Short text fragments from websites
= Beginning of Section =

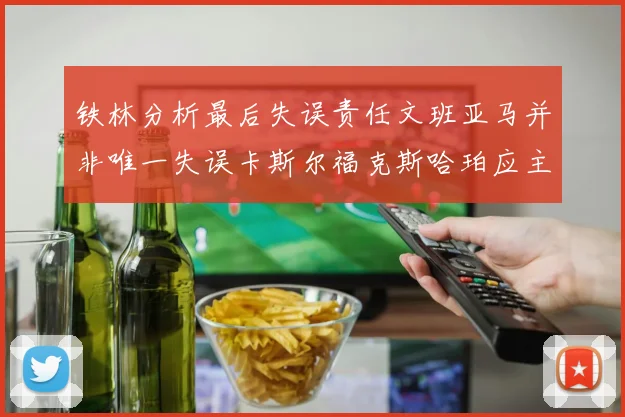 铁林分析最后失误责任文班亚马并非唯一失误卡斯尔福克斯哈珀应主动接球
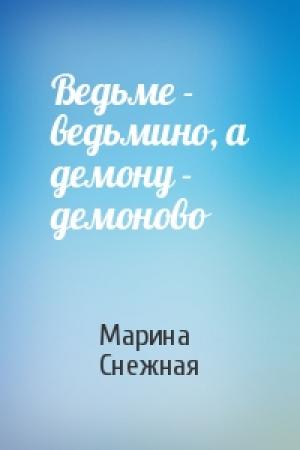 Обложка книги «Ведьме - ведьмино, а демону - демоново» — Марина Снежная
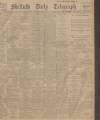 Sheffield Daily Telegraph Monday 11 May 1914 Page 1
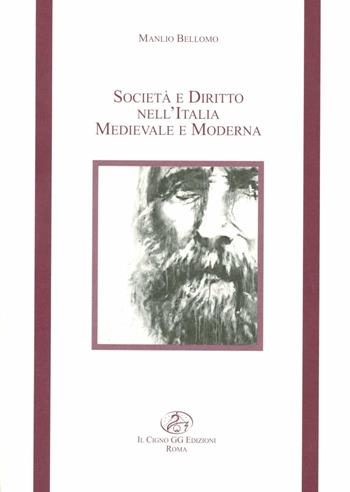 Società e diritto nell'Italia medievale e moderna - Manlio Bellomo - Libro Il Cigno GG Edizioni 2002, I libri di Erice | Libraccio.it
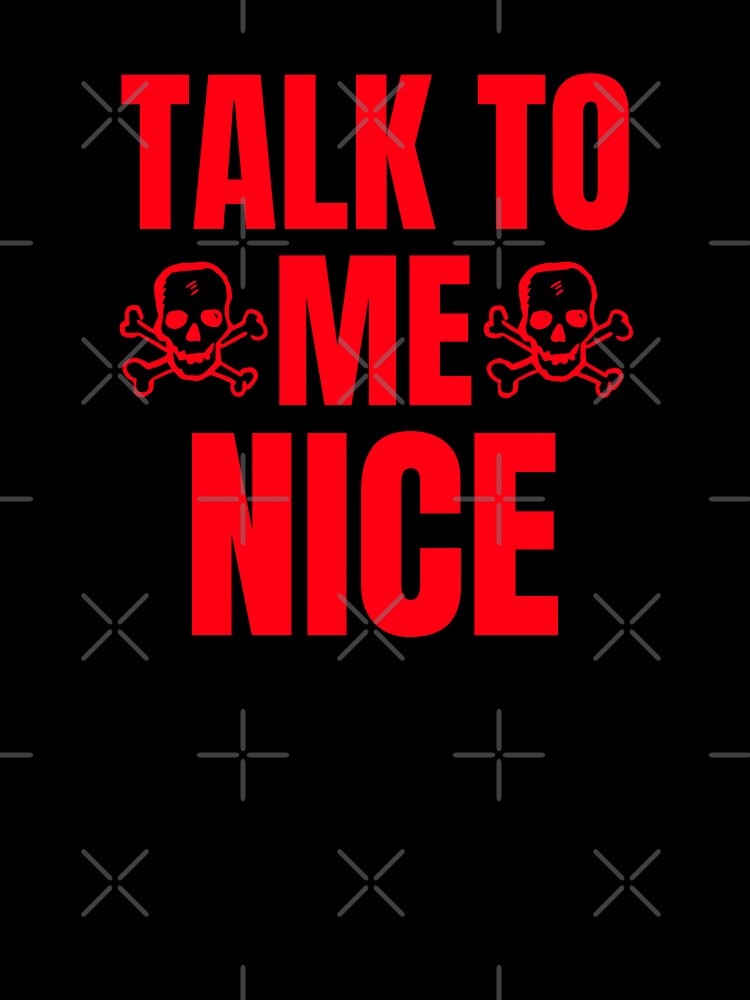Funny Talk To Me Nice Skulls Classic Quote by Zuuag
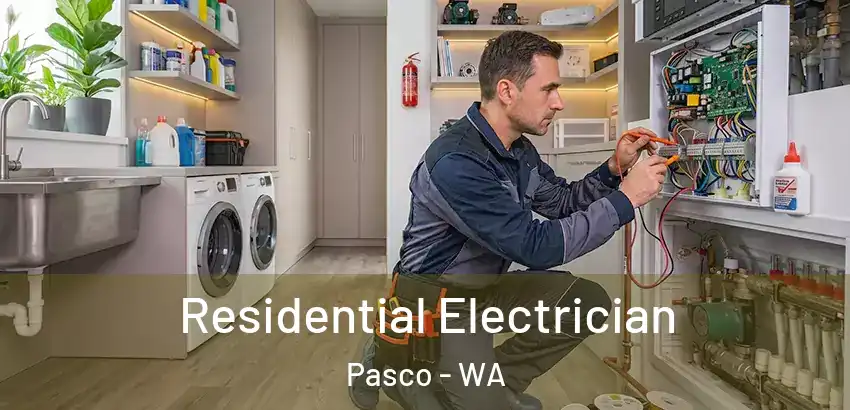 Residential Electrician Pasco - WA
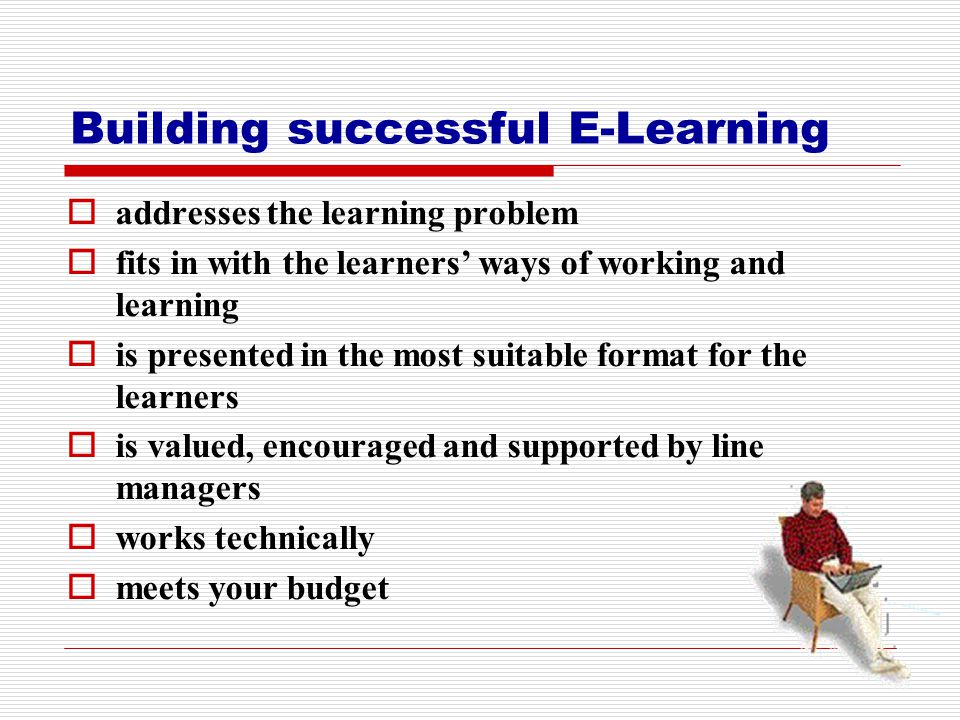 Building successful E-Learning  addresses the learning problem  fits in with the learners’ ways of working and learning  is presented in the most suitable format for the learners  is valued, encouraged and supported by line managers  works technically  meets your budget
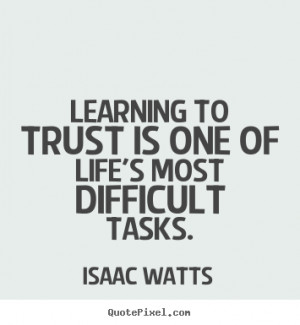 picture quotes - Learning to trust is one of life's most difficult ...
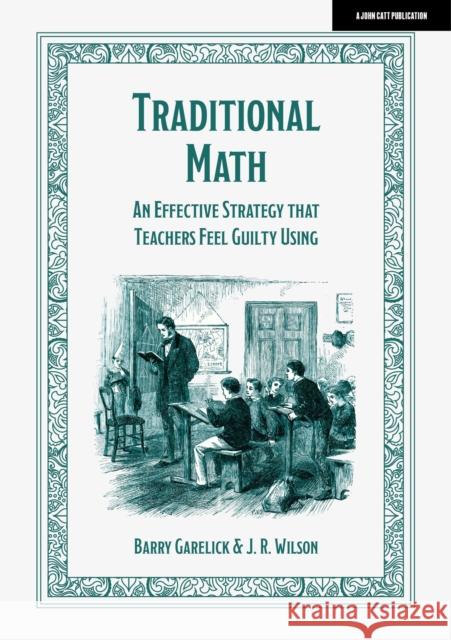 Traditional Math: An Effective Strategy That Teachers Feel Guilty Using Garelick, Barry 9781915261540 John Catt Educational Ltd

= End of Section =

AIM OF THE EXERCISE
Output the full set of records above without changing a word, and drop the images.

RESPONSE TO THIS TASK
 铁林分析最后失误责任文班亚马并非唯一失误卡斯尔福克斯哈珀应主动接球
 Обложка книги «Ведьме - ведьмино, а демону - демоново» — Марина Снежная
 Sheffield Daily Telegraph Monday 11 May 1914 Page 1
 Società e diritto nell'Italia medievale e moderna - Manlio Bellomo - Libro Il Cigno GG Edizioni 2002, I libri di Erice | Libraccio.it
Funny Talk To Me Nice Skulls Classic Quote by Zuuag
 Residential Electrician Pasco - WA
 Building successful E-Learning  addresses the learning problem  fits in with the learners’ ways of working and learning  is presented in the most suitable format for the learners  is valued, encouraged and supported by line managers  works technically  meets your budget
 picture quotes - Learning to trust is one of life's most difficult ...
 Traditional Math: An Effective Strategy That Teachers Feel Guilty Using Garelick, Barry 9781915261540 John Catt Educational Ltd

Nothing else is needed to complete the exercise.